Le stime sulla superficie totale dei terreni agricoli usati per l’allevamento (pascolo e coltivazioni destinate al mangime) variano. Alcuni studi hanno calcolato che globalmente si parla di 2,5 miliardi di ettari, ovvero circa la metà di tutta la superficie agricola del mondo. Una ricerca precedente parla addirittura del 75%.

Durante la seconda parte della puntata conosceremo anche Linda Guerra, Naturalista ed Etologa di Modena molto nota a livello nazionale, esperta di tematiche legate all’impatto dell’utilizzo della carne sull’ambiente e sulla salute; degli effetti degli allevamenti intensivi e delle emissioni che ne derivano; dell’inquinamento delle falde acquifere e non solo: grazie ai suoi studi, conosce molto bene il tema della sperimentazione sugli animali e la vivisezione.

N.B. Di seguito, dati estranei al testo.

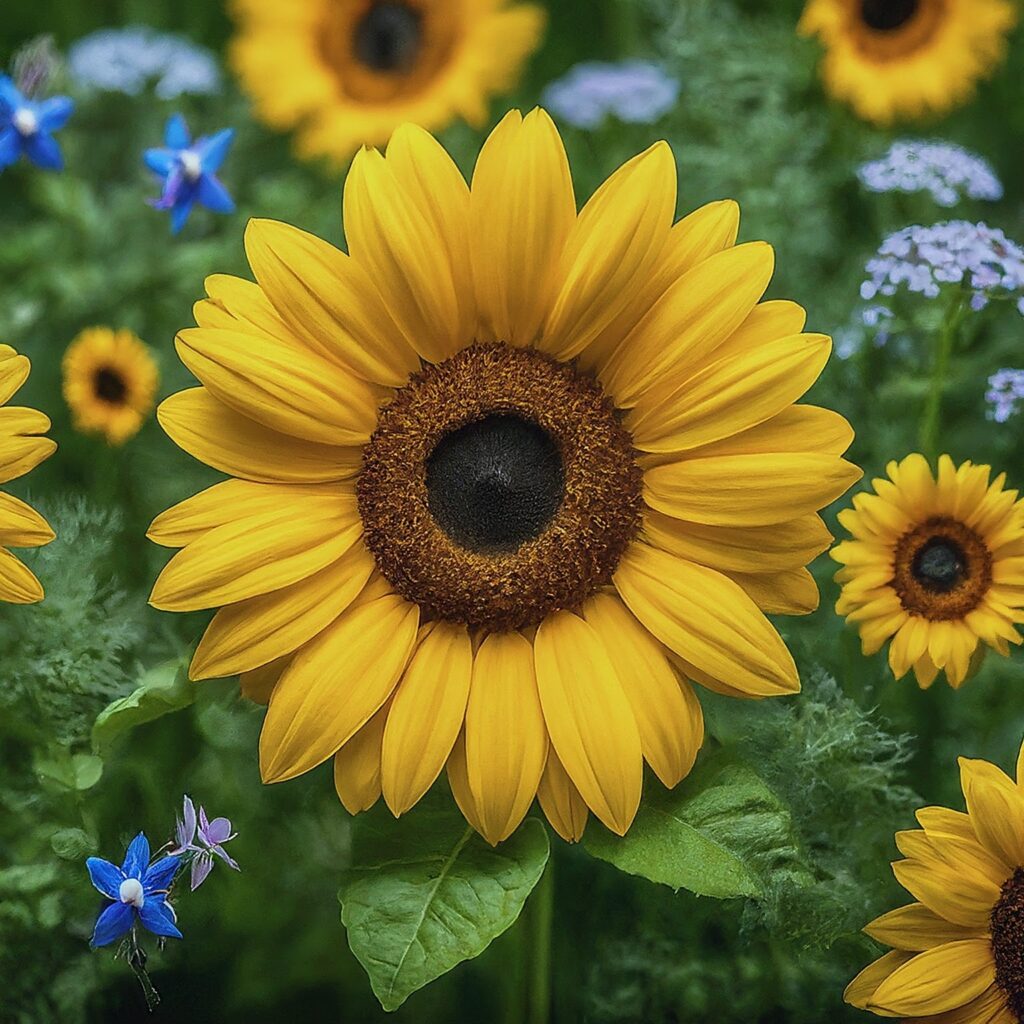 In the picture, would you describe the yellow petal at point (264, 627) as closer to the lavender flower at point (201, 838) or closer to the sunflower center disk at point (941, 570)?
the lavender flower at point (201, 838)

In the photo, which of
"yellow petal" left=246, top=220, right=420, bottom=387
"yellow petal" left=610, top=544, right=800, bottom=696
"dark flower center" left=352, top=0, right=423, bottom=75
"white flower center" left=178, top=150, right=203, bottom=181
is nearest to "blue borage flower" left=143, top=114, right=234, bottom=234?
"white flower center" left=178, top=150, right=203, bottom=181

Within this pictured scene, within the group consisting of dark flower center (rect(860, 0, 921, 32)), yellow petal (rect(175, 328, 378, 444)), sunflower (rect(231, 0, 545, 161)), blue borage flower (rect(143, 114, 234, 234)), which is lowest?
yellow petal (rect(175, 328, 378, 444))

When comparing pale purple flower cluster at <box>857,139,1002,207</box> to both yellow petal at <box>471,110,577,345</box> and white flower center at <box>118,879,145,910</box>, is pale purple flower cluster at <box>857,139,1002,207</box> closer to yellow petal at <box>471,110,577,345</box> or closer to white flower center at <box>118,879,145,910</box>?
yellow petal at <box>471,110,577,345</box>

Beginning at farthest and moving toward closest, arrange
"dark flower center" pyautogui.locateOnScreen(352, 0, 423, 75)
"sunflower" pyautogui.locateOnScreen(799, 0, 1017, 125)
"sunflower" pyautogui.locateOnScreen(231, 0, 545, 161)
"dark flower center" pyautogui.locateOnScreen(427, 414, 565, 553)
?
"dark flower center" pyautogui.locateOnScreen(352, 0, 423, 75), "sunflower" pyautogui.locateOnScreen(231, 0, 545, 161), "sunflower" pyautogui.locateOnScreen(799, 0, 1017, 125), "dark flower center" pyautogui.locateOnScreen(427, 414, 565, 553)

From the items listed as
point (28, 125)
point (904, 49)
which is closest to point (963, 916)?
point (28, 125)

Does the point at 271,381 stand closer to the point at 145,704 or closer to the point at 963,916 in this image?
the point at 145,704

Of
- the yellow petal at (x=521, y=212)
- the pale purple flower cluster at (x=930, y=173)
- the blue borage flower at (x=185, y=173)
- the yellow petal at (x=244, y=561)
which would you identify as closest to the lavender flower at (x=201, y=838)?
the yellow petal at (x=244, y=561) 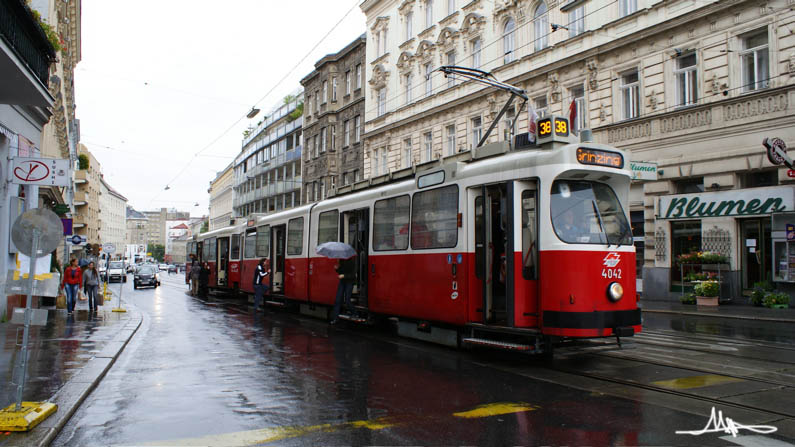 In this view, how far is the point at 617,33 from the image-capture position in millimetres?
23203

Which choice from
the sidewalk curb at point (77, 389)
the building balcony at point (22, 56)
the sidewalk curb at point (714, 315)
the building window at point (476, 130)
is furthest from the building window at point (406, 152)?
the sidewalk curb at point (77, 389)

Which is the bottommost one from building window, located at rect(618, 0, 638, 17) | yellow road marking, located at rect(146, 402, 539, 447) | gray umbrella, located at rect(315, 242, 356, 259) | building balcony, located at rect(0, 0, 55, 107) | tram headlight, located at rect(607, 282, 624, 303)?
yellow road marking, located at rect(146, 402, 539, 447)

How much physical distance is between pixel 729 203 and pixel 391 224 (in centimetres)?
1329

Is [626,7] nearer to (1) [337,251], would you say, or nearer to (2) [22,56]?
(1) [337,251]

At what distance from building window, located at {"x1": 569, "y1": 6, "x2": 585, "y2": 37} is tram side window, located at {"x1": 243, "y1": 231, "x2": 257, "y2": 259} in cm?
1519

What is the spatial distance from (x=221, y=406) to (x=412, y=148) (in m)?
30.2

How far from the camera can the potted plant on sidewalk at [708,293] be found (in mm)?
19438

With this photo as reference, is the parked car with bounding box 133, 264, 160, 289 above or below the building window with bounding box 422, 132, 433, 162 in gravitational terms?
below

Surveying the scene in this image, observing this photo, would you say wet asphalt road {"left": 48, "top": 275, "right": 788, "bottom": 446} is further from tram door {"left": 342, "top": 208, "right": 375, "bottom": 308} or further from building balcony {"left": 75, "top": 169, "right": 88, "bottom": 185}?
building balcony {"left": 75, "top": 169, "right": 88, "bottom": 185}

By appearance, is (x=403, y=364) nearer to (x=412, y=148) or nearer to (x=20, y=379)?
(x=20, y=379)

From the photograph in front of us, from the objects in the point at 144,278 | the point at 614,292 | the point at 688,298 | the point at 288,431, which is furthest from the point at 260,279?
Answer: the point at 144,278

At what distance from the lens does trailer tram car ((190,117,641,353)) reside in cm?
846

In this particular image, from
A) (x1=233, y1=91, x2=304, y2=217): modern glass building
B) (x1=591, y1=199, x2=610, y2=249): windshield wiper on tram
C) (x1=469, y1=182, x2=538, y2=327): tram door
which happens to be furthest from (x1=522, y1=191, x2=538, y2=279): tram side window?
(x1=233, y1=91, x2=304, y2=217): modern glass building

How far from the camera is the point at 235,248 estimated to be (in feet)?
80.7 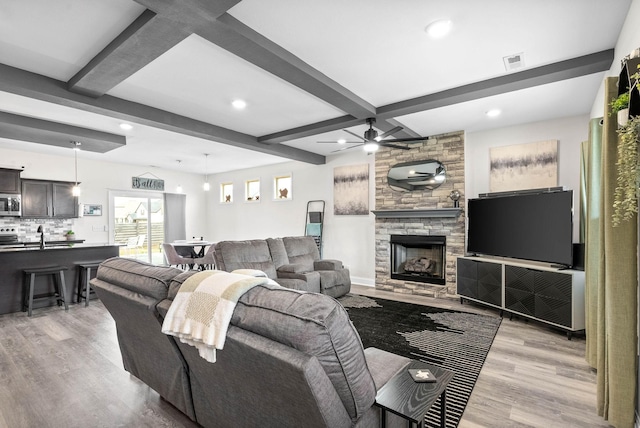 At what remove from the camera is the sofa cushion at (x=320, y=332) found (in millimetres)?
1129

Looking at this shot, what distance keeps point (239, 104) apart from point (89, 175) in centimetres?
536

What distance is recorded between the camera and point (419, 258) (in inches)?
228

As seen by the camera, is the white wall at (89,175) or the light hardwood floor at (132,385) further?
the white wall at (89,175)

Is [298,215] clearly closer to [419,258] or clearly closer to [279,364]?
[419,258]

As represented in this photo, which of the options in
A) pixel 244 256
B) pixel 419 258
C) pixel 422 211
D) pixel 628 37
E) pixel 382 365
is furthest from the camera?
pixel 419 258

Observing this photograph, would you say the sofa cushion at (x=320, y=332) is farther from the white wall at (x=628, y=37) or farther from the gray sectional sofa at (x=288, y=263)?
the gray sectional sofa at (x=288, y=263)

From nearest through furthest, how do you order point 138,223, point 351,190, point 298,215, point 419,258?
point 419,258 → point 351,190 → point 298,215 → point 138,223

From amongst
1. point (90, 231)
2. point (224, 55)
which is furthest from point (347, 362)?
point (90, 231)

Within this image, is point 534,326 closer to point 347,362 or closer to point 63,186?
point 347,362

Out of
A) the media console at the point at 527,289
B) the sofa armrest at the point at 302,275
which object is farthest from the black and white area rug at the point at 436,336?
the sofa armrest at the point at 302,275

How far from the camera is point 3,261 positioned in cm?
449

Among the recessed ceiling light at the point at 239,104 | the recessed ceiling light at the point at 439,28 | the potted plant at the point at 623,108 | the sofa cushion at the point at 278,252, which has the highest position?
the recessed ceiling light at the point at 439,28

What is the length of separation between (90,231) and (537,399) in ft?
27.7

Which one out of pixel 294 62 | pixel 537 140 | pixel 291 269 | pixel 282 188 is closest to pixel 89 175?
pixel 282 188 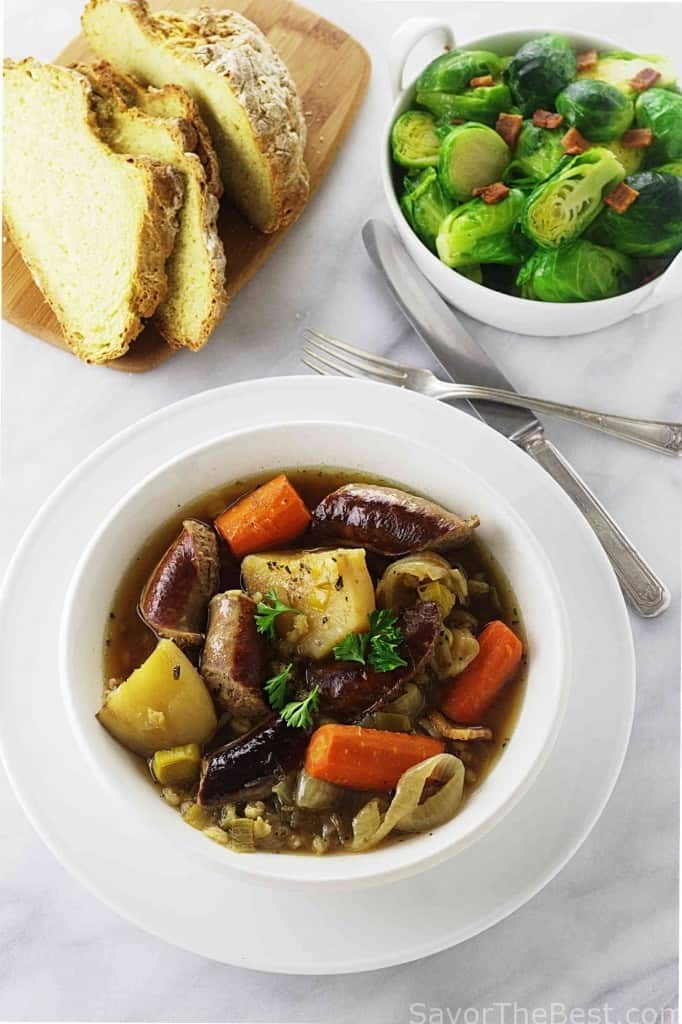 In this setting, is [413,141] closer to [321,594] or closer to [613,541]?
[613,541]

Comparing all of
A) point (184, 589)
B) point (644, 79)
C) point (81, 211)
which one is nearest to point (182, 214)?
point (81, 211)

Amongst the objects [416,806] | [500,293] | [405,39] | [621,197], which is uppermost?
[405,39]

Tematiche approfondite con lei a Modena, città in cui vive, nell’intervista realizzata da Claudia Barigozzi.

L’ultima parte come sempre è dedicata alle buone notizie:

– Una Università di Londra bandisce la carne di manzo dalle proprie mense e ristoranti per contrastare l’impatto climatico.

– Chiusi altri due allevamenti di visoni in Italia.

– Cambiare è possibile, ci sono esempi di aziende che smettono di produrre carne e si evolvono nel mercato vegetale.

– I fast food di tutto il mondo stanno sperimentando con grande successo le alternative senza carne.